Of the 273 managers polled in this month’s Merrill Lynch fund manager, 29% said that cash should be returned to shareholders, Bowers said. The figure is an increase of five percentage points since January.
Improving balance sheets is a priority for 21% of fund managers, compared with 28% of January.
Increasing capital expenditure, although weaker by one percentage point since January and three points since March, is still wanted by 40% of respondents.
Last month’s survey found that returning money to investors and improving balance sheets rated 23% each. Merrill described this month’s change in attitude as “significant”.

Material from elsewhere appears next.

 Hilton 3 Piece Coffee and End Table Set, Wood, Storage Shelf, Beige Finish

Comparing the present situation with one year ago, Bowers said: “Investors want their money back. I do not want to make too much of this but it is a quite interesting change in how people see the world.”

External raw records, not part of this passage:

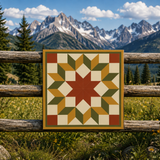 A square decorative wall art piece with a geometric starburst pattern in rust red, olive green, cream, and tan, hung on a rustic wooden fence in a mountain meadow with evergreen trees and snow-capped peaks in the background.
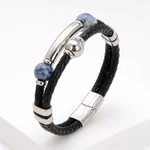 Men Classic Stainless Steel Leather Rope Bracelet Round Stone Charm. Fixed Price $21.00.
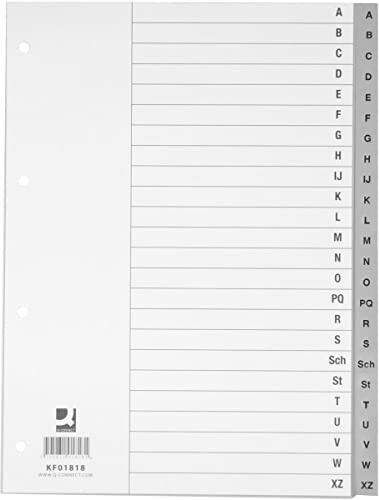 Q-Connect KF01818 Register - A - Z, PP, mit Index, A4, 24 Blatt, grau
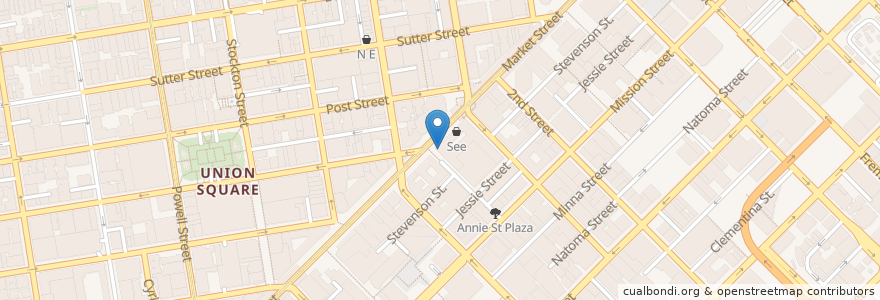 Mapa de ubicacion de Corner Bakery Cafe en Соединённые Штаты Америки, Калифорния, Сан-Франциско, San Francisco.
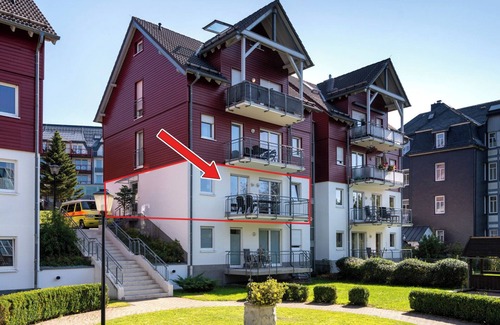 Oberhof Apartamento | Apartamento 'Ferienwohnung Tannenblick 2-2' con vistas a la montaña, balcón y Wi-Fi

Among the survey’s highlights illustrated by Bowers, was the ‘tension’ between plummeting growth expectations and increasing worry about higher inflation.

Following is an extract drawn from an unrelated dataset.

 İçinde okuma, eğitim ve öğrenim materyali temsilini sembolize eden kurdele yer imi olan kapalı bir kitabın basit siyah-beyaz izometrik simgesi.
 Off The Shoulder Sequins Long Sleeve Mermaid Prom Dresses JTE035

According to the survey, the percentage of managers expecting a stronger economy in a year’s time fell from 74% three months ago to a current 34%. Only 47% of the fund managers expect profits to be higher, 24 percentage points down since January.
Fund managers, Bowers said, are not positioning themselves for a global recession, but rather for a ‘mid-cycle pause’.
Despite caution on growth, fund managers are increasingly concerned about global core inflation, with 78% of the panel saying it will be higher in a year. As a result, 75% see bonds as over-valued. “That’s the highest net balance that the survey has recorded in nine years,” Merrill said.
Risk appetite, however, remains ‘surprisingly high’, with one in five managers admitting to a higher than normal risk appetite.
The country where the equity market managers would most like to buy - and the one with the most favourable corporate profit outlook - was Japan. The market was “is in love with Japanese equities”.